Meredith Whitney, the bank analyst who correctly predicted Citigroup Inc.’s dividend cut three years ago, said Bank of America Corp. (BAC) has no urgent need to raise capital. The shares rose 11 percent.
“I don’t think that there’s a mad dash to raise capital immediately,” Whitney said today in a radio interview on “Bloomberg Surveillance” with Tom Keene and Ken Prewitt. “They’re going to steadily raise capital over time.”
Bank of America has lost almost half its value on the New York Stock Exchange this year as investors speculated the Charlotte, North Carolina-based lender will have to access the public markets. The speculation spurred one blogger to write that the company was considering a merger with JPMorgan Chase & Co. (JPM), talk Bank of America dismissed as “baseless” in an internal memo obtained by Bloomberg News.
Bank of America climbed 69 cents to $6.99 on the New York Stock Exchange at 4:15 p.m., the biggest gain in the Standard & Poor’s 500 Index.

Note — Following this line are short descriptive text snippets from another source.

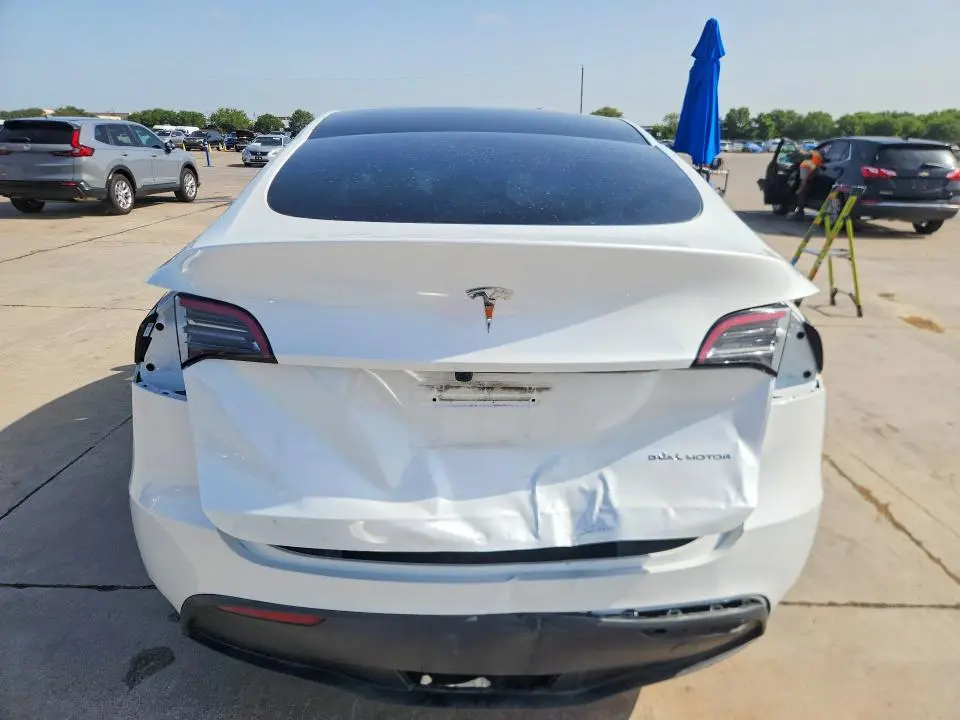 2025 TESLA MODEL Y   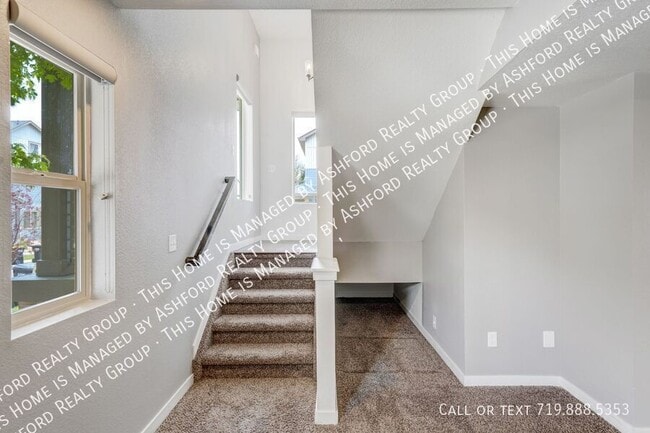 Building Photo - 6544 John Muir Trl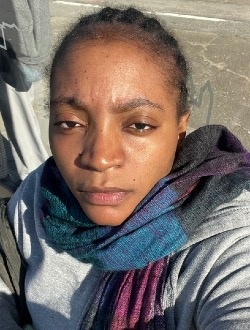 Profil de Leo, une femme célibataire de 20 ans à Abée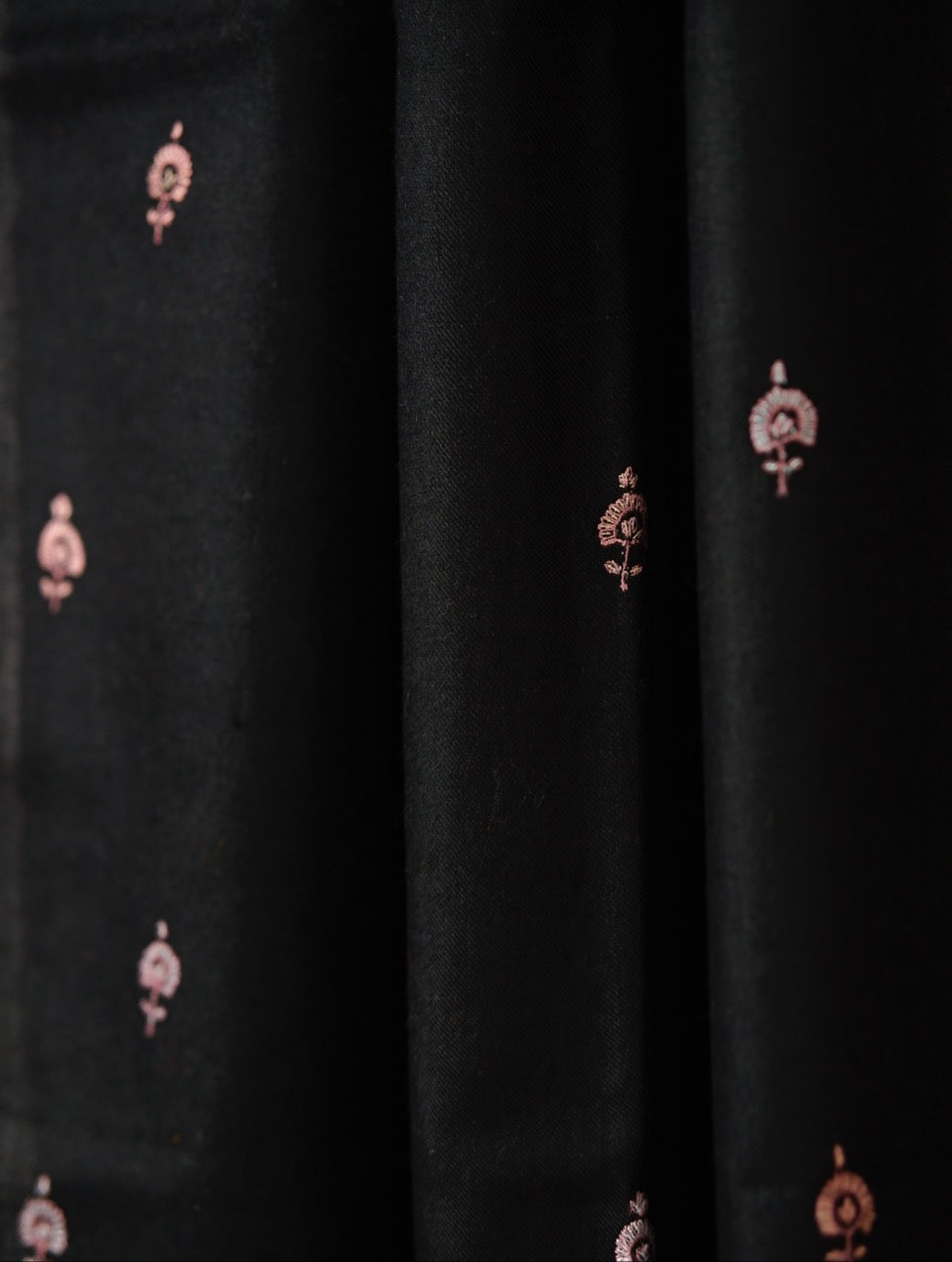 SUPER SOFT ELEGANT WINTER  BLACK PASHMINA SCARF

The shares, which rose as high as $7.05 earlier today, may triple, according to Anthony Polini, an analyst at Raymond James Financial Inc., who cited the bank’s “excellent” liquidity and flexible balance sheet in a note to clients today. Polini didn’t give a time frame.
Chief Executive Officer Brian T. Moynihan, 51, has said the company won’t need to issue shares to comply with new international capital standards and to settle claims surrounding defective mortgages.
Moynihan agreed to sell the bank’s Canadian card unit, with $8.6 billion in loan balances, and plans to leave the U.K. and Irish card markets, Bank of America said this month. The bank has been forced to write down credit-card and mortgage units acquired by Moynihan’s predecessor, Kenneth D. Lewis. Bank of America has sold more than 20 assets or units since Moynihan took over last year.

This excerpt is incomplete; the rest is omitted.